These presentations will be the first major opportunity for the Viacom and CBS portions of the company to come together publicly since talent and execs rang the Nasdaq opening bell the day the merger was finalized in December.
With its “simply stronger” tagline, “the feeling here is that we are much better as a combined company,” said Ross, pointing to ViacomCBS’ largest share of U.S. TV audience among all media companies and the strength of Viacom’s advanced portfolio.
The integration of the ad sales team under Ross, which began in January, “was accelerated and definitely strengthened because of the way we’re doing business over the past eight weeks,” she said.
While Ross is already in “early conversations” with some clients, she said there “won’t be a one-size-fits-all” approach to what will be a staggered upfront marketplace, with buyers entering negotiations when their clients are ready to think about their long-term spend. “Whether it’s next week, or next month, or next quarter, our team is ready to do what is right for our clients and make it simple for them.”
Even in a wildly different marketplace than anticipated, Ross is sticking to the same upfront strategy that she previewed for Adweek earlier this year: “When our clients are ready” to go to market, said Ross, her team will “make it simple and make it stronger. It’s going to be solutions oriented and a single point of entry.”
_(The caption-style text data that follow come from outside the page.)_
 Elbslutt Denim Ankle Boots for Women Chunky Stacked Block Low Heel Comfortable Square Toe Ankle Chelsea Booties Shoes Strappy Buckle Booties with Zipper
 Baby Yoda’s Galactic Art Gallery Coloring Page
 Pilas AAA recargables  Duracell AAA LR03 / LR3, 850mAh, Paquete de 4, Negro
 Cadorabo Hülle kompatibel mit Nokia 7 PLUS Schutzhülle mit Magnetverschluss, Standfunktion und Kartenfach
ViacomCBS is looking to woo advertisers on the heels of its bleak quarterly earnings earlier this month: Advertising revenue in its television entertainment segment decreased 30% year over year—a loss of $586 million (a combination of CBS not airing the Super Bowl this year and the coronavirus-related cancellation of March Madness)—as live sports dried up and advertisers pressed pause on some investments. The ad sales picture is “not pretty,” Bakish told investors.
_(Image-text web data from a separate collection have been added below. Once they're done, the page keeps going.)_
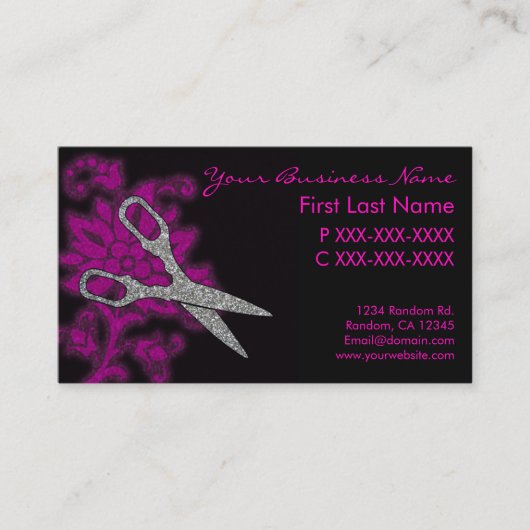 ピンクの銀のグリッター渦巻きヘアカットの名刺 名刺 (正面)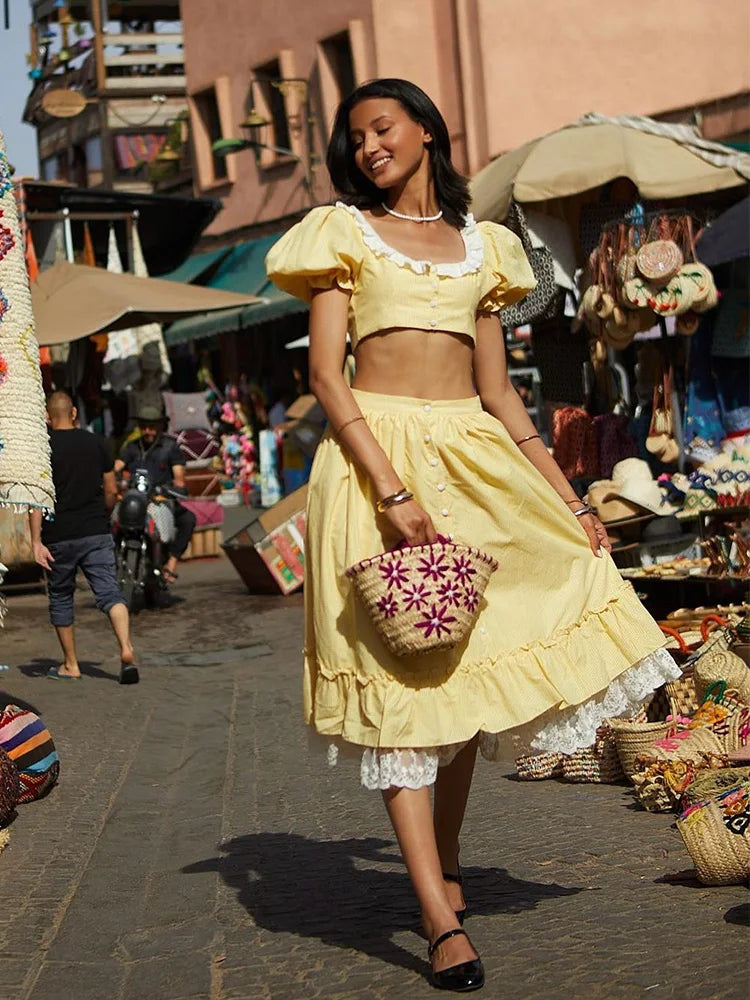 Yellow Gingham Printed Crop Top And Maxi Skirt Set
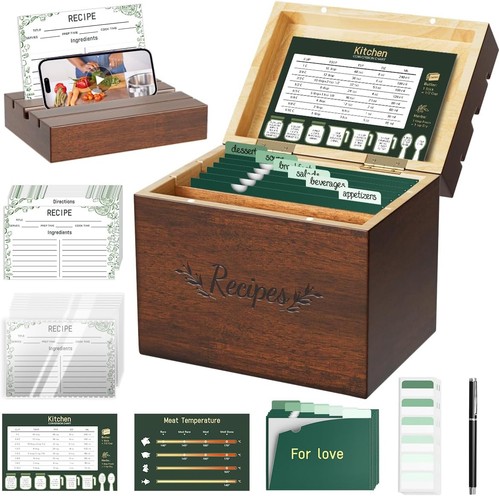 Wooden recipe box - recipe,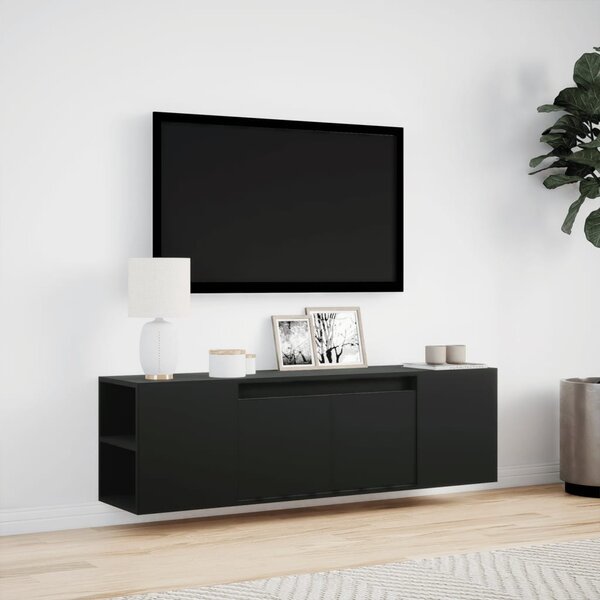 Fekete fali TV-szekrény LED-világítással 135x31x39,5 cm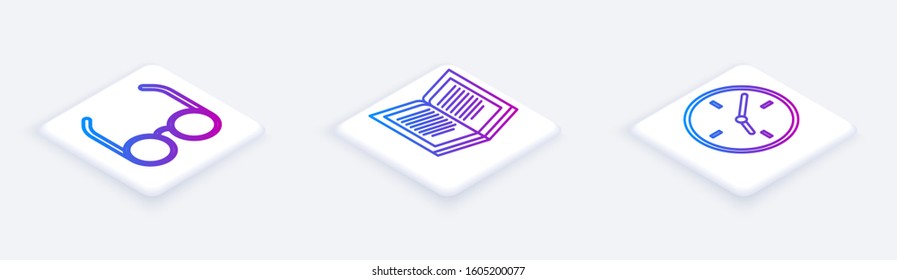 Set Isometric line Glasses, Open book and Clock. White square button. Vector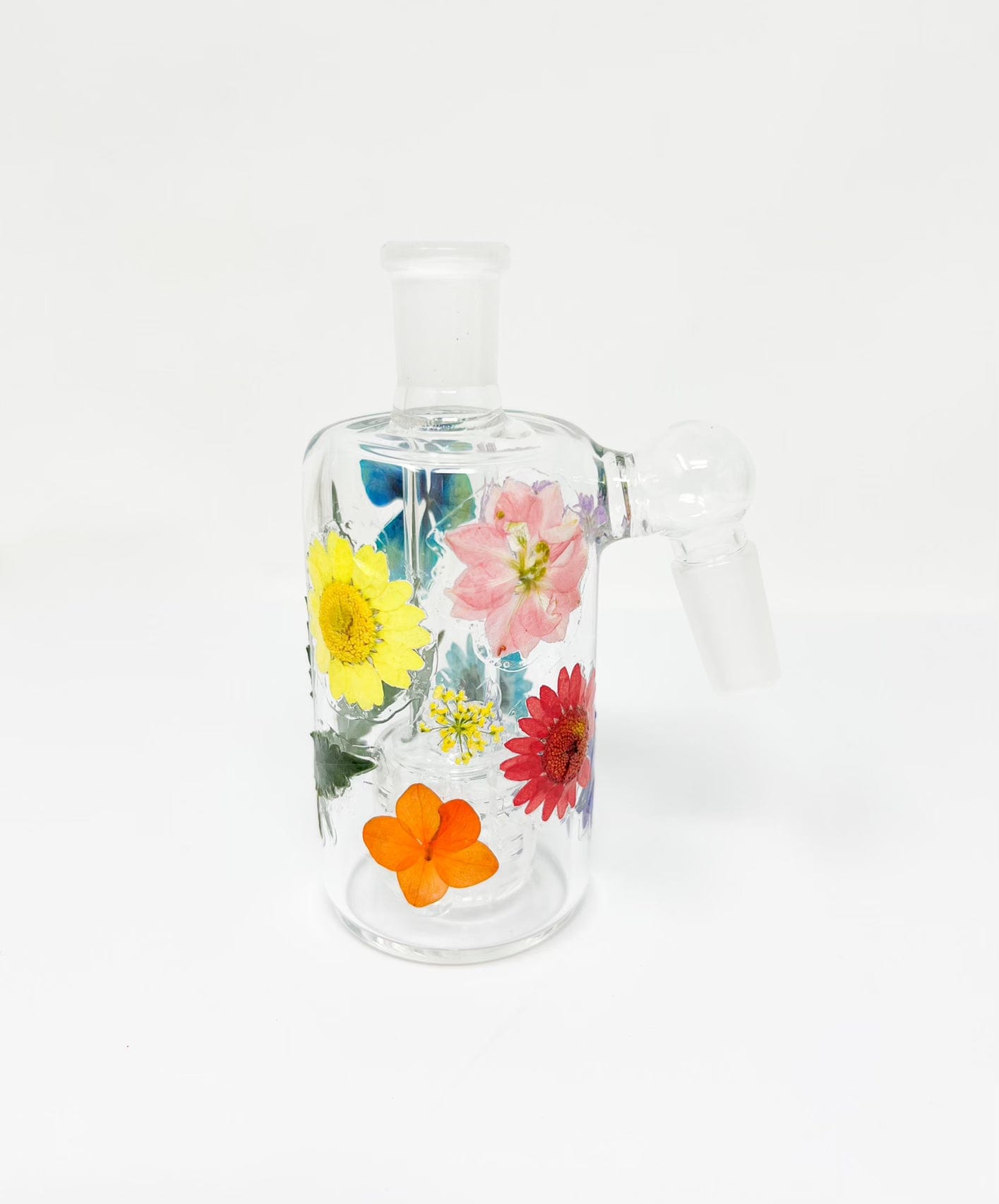 Printed Glass Water Bottle in Pressed Floral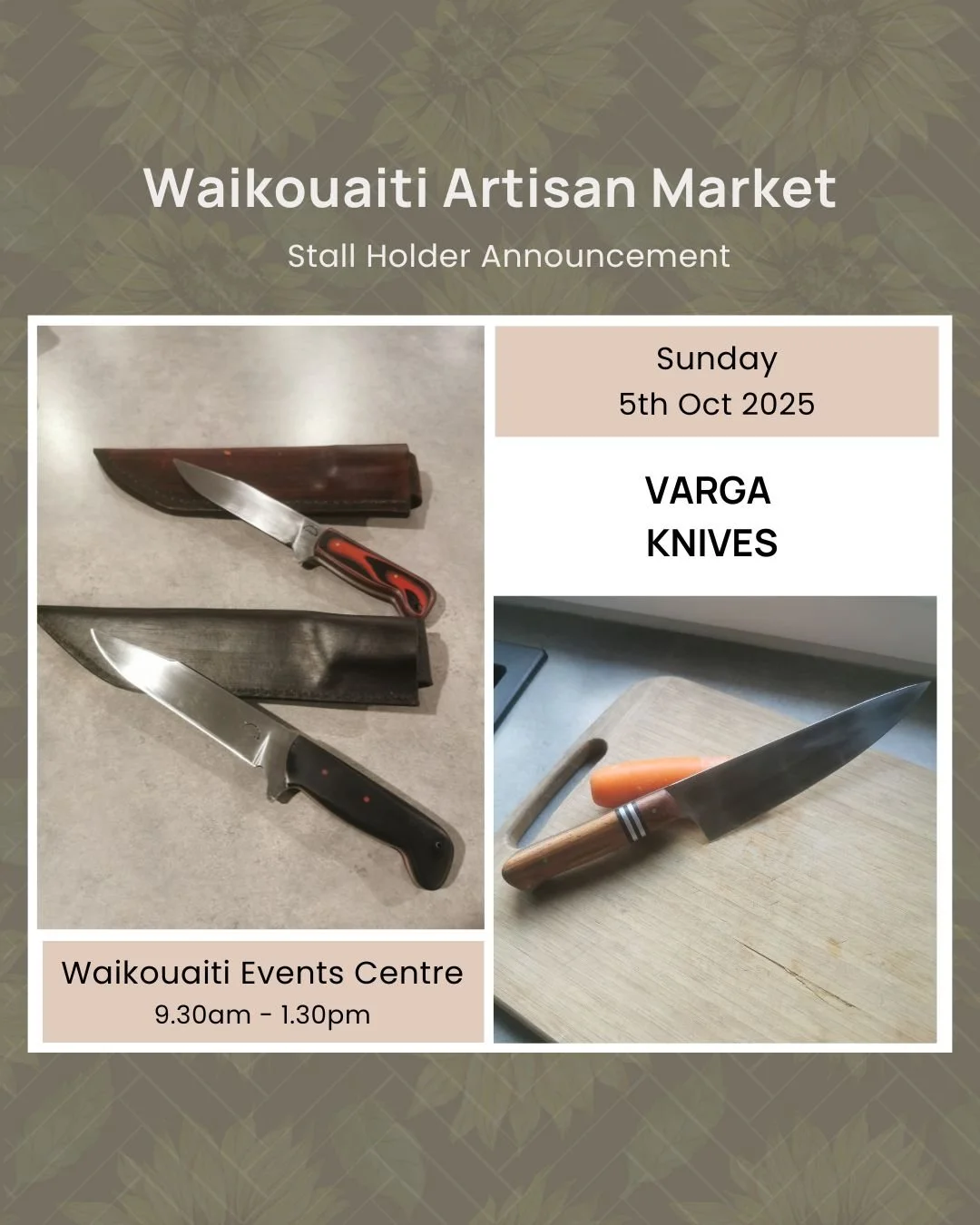 ✨ Stall Announcement &ndash; @varga_knives ✨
But Ross is optimistic about the company’s upfront prospects. The scatter market is starting to pick up in May after a tough March and April, as “more than a handful” of clients that initially exited the marketplace or postponed their spends in March are returning to TV again.
“We’ve been able to get our fair share, if not more so” in scatter, said Ross, with content like the classic Paramount films airing Sunday nights on CBS, including Titanic and Forrest Gump, and a coronavirus-themed episode of CBS’ All Rise that was shot entirely remotely.
And the return of live sports is getting closer to reality, with the recent release of the new NFL season schedule and PGA Tour events resuming beginning June 11 on CBS.
The company is already in “active” conversations about the NFL season and next February’s Super Bowl, but is working contingency plans into those conversations in the event that the schedule is disrupted by Covid-19.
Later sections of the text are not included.